Singapore’s Midlife Crisis - jseliger
http://city-journal.org/html/singapore%E2%80%99s-midlife-crisis-14311.html
======
tixocloud
What a great and interesting article. It's also refreshing to read that a
government advisor believes that the old managerial model is outdated. While
the ruling party has maintained dominance for many years, it has also brought
stability to the country. Neighbouring countries don't enjoy the stability and
progress as much as Singapore has. In terms of citizen happiness, which is
better? It's inconclusive. People who have nothing will always want something.
And people who have something will want something else.

------
jessaustin
Having lived in Singapore for several years, I have sympathy, but truly the
"problems" described in TFA are entirely those of the "first world". Yes, when
a nation becomes wealthier than 99% of other nations, its economy _will_ grow
more slowly than it did before. It's fine to encourage growth anyway, but one
knows at the outset that returns to such efforts are limited.

The demographic concerns, too, would be no surprise to e.g. Europeans or the
Japanese. Economies in which all the slots have been filled by previous
generations, are not encouraging the current generation to procreate. Older
generations are concerned, but not enough to do anything.

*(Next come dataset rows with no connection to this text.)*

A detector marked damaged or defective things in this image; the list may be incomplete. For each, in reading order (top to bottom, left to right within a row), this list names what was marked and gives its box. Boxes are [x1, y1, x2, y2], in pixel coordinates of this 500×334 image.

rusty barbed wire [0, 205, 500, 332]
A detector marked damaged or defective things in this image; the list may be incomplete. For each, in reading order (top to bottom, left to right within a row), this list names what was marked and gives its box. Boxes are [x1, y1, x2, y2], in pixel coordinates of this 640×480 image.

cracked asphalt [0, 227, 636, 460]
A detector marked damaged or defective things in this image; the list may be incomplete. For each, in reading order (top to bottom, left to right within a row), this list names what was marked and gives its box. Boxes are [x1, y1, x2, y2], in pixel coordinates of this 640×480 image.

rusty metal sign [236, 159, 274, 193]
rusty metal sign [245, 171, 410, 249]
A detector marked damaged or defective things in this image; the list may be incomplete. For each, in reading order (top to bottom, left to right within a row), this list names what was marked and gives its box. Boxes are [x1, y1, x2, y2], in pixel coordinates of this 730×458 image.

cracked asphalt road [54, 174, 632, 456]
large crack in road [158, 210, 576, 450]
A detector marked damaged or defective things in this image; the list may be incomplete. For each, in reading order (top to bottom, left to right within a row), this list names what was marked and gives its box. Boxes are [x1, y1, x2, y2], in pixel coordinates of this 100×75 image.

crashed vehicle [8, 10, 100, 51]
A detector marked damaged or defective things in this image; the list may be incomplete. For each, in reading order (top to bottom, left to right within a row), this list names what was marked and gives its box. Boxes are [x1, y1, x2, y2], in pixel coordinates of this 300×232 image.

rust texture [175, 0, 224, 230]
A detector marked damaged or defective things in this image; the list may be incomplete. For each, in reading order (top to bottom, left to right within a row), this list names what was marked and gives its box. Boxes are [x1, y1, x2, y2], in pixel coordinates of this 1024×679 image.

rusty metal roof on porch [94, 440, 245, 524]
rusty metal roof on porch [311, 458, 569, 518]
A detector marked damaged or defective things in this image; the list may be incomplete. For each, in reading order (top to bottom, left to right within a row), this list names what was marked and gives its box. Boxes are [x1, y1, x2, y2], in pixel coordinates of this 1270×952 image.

Ultimately, the voters of Singapore seem content with "the deal". That is, the
Lee family has ruled for 37 out of the 50 years that Singapore has existed,
and as the most recent elections confirmed that's exactly what the voters
want. LHL is an impressive man, but are there really no other Singaporeans
capable of serving as PM? If his health fails, it seems likely that his wife
or brother would step forward as "regent" while one or two of his sons undergo
the careful grooming and seasoning required to differentiate this dynasty from
e.g. the Kims of North Korea. Any significant change to Singaporean society
will only take place after its voters decide they _want_ a change.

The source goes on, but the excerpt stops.